Pictures should be left out when the listing below is repeated word for word.

╔══

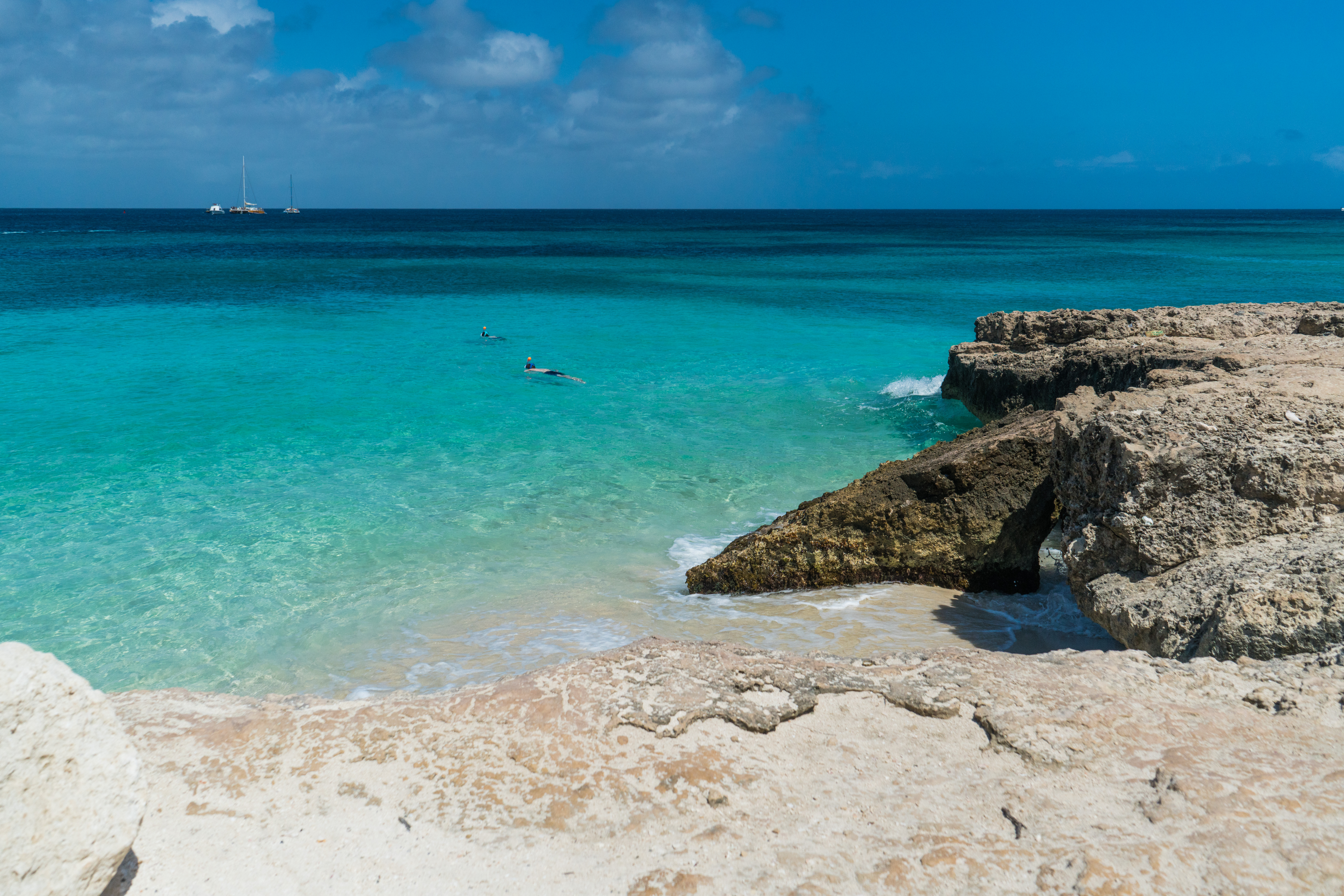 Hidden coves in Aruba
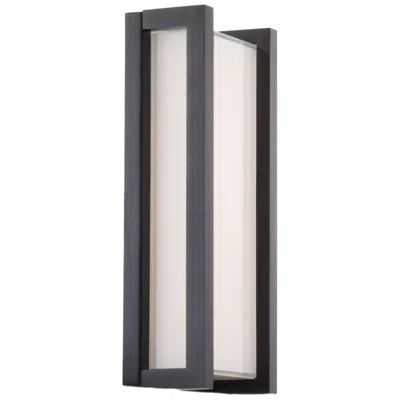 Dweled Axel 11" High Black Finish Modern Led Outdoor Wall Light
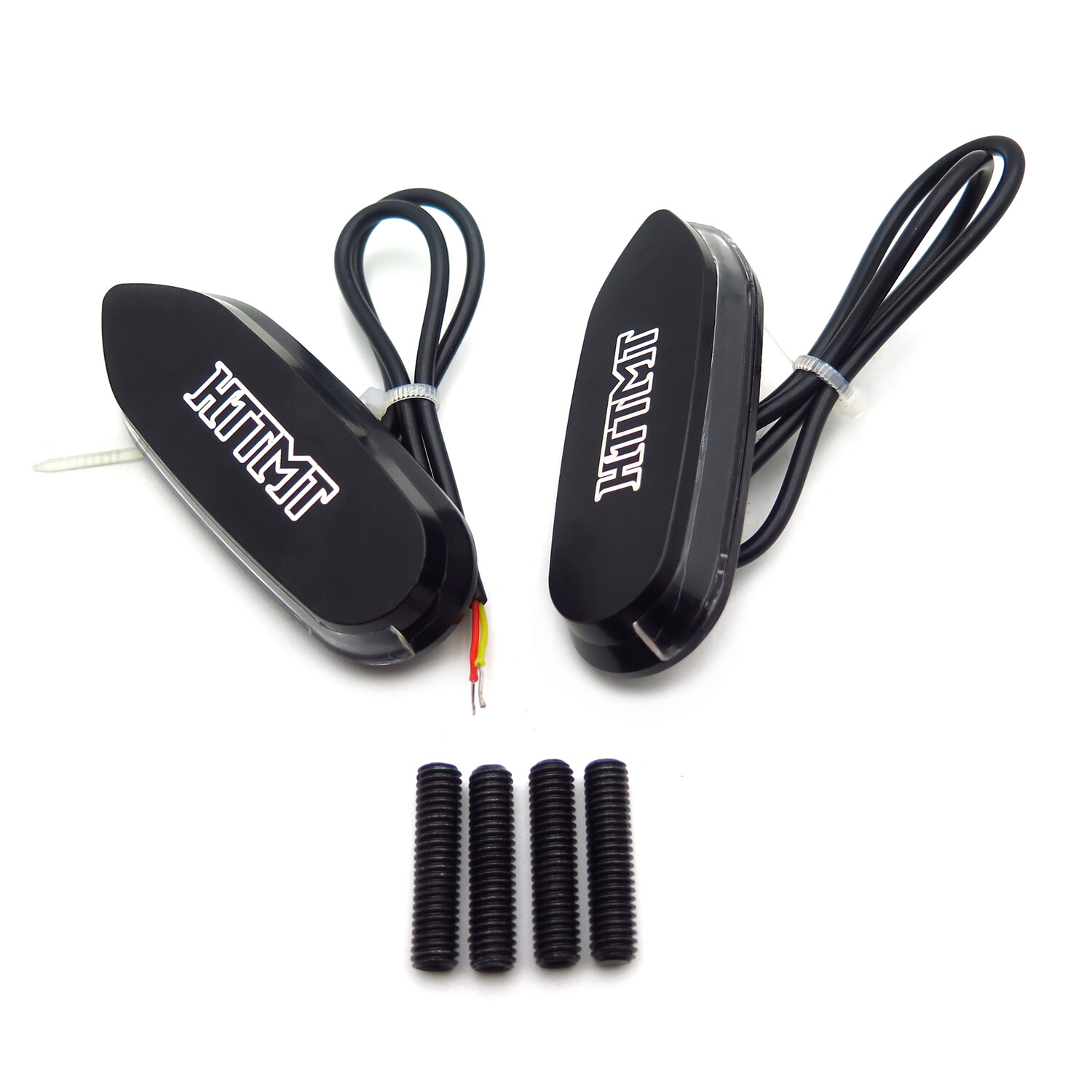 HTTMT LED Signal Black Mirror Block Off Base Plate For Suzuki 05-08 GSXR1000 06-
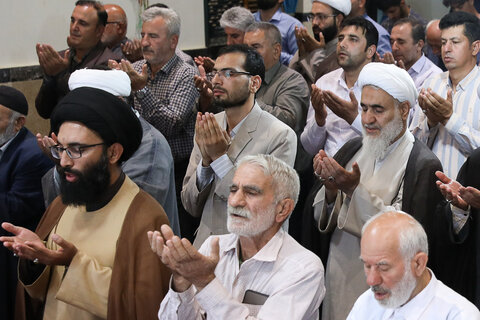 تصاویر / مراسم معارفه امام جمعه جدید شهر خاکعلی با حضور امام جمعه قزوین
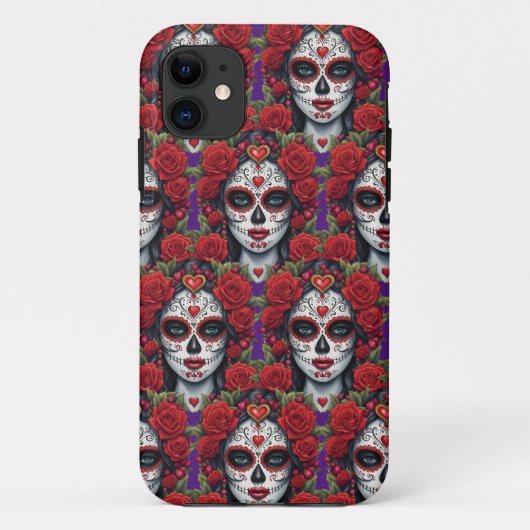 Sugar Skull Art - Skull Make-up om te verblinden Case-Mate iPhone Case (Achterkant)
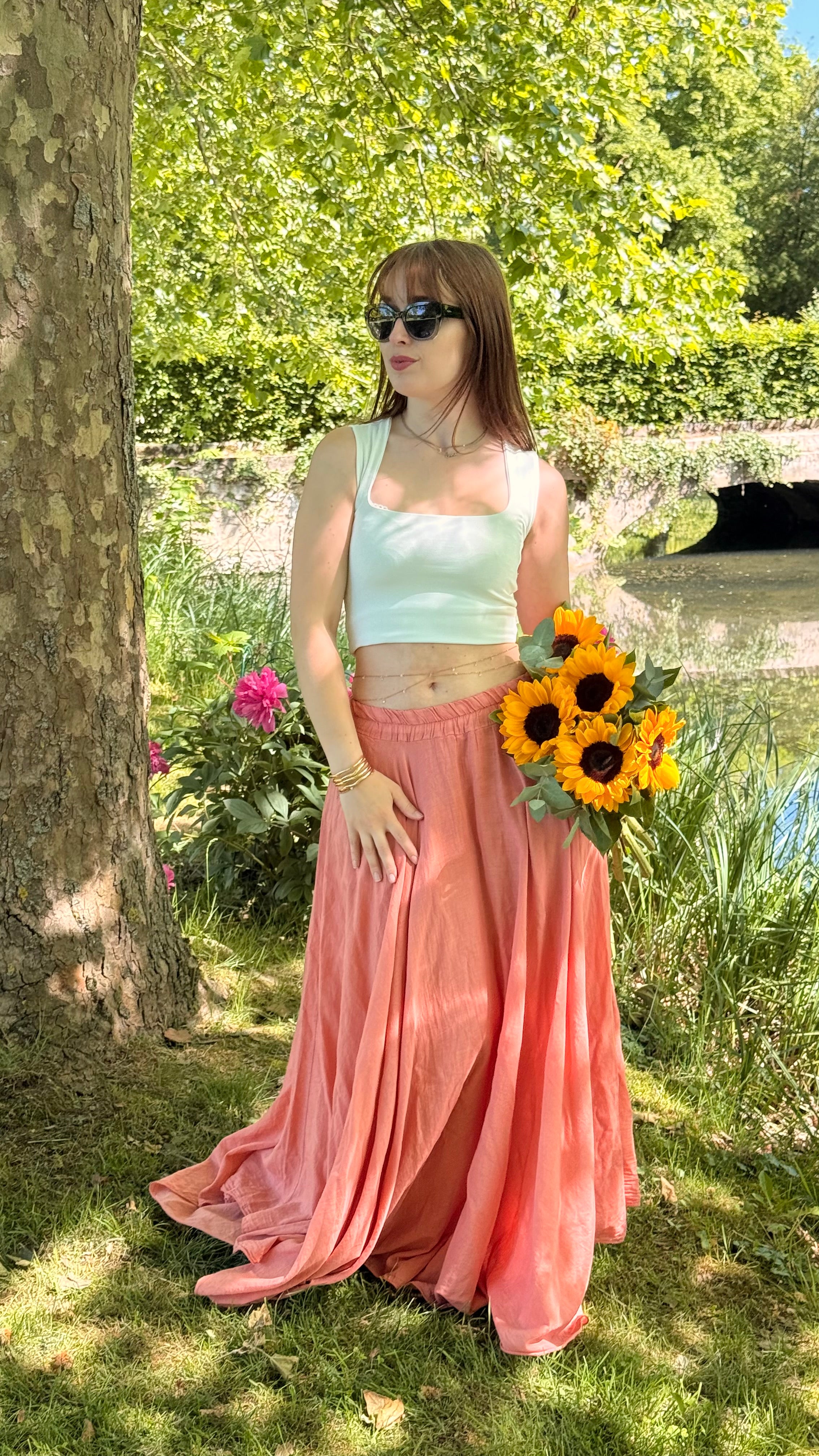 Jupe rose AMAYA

╚══

WRITTEN SOLUTION:
 Hidden coves in Aruba
 Dweled Axel 11" High Black Finish Modern Led Outdoor Wall Light
 HTTMT LED Signal Black Mirror Block Off Base Plate For Suzuki 05-08 GSXR1000 06-
 تصاویر / مراسم معارفه امام جمعه جدید شهر خاکعلی با حضور امام جمعه قزوین
 Sugar Skull Art - Skull Make-up om te verblinden Case-Mate iPhone Case (Achterkant)
 Jupe rose AMAYA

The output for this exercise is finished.